Audition de M. Philippe de Ladoucette, Président de la commission de régulation de l’énergie

Lors de sa réunion du 12 mai 2010, la commission a entendu M. Philippe de Ladoucette, président de la Commission de régulation de l’énergie.

M. le président Patrick Ollier. Nous avons aujourd’hui le plaisir d’accueillir M. Philippe de Ladoucette, président de la Commission de régulation de l'énergie.


Monsieur le président, la Commission des affaires économiques de l’Assemblée nationale entretient avec la CRE des contacts réguliers.
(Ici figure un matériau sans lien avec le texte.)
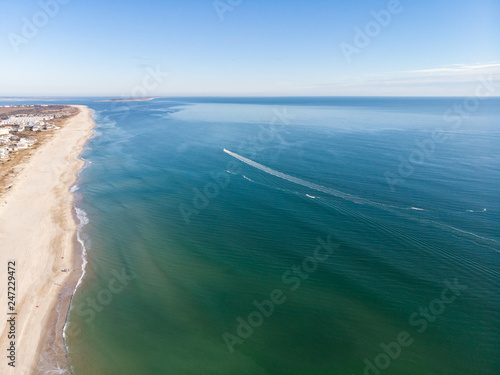 Aerial View of Beautiful Water and Shoreline of Atlantic Beach  North Carolina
Votre dernière audition, à la fin de l’année 2008, avait été l’occasion de débattre du contenu du « troisième paquet » européen sur le gaz et l’électricité et nous nous sommes revus lorsque, dix-huit mois plus tard, à l’issue des travaux de la commission Champsaur, le Gouvernement a déposé un projet de loi visant à instituer une nouvelle régulation du marché de l’électricité. Les échanges que nous avons eus alors nous conduisent à examiner aujourd’hui le projet de loi portant nouvelle organisation du marché de l'électricité (NOME) et il était normal que notre Commission vous auditionne le premier pour recueillir votre avis sur ce texte.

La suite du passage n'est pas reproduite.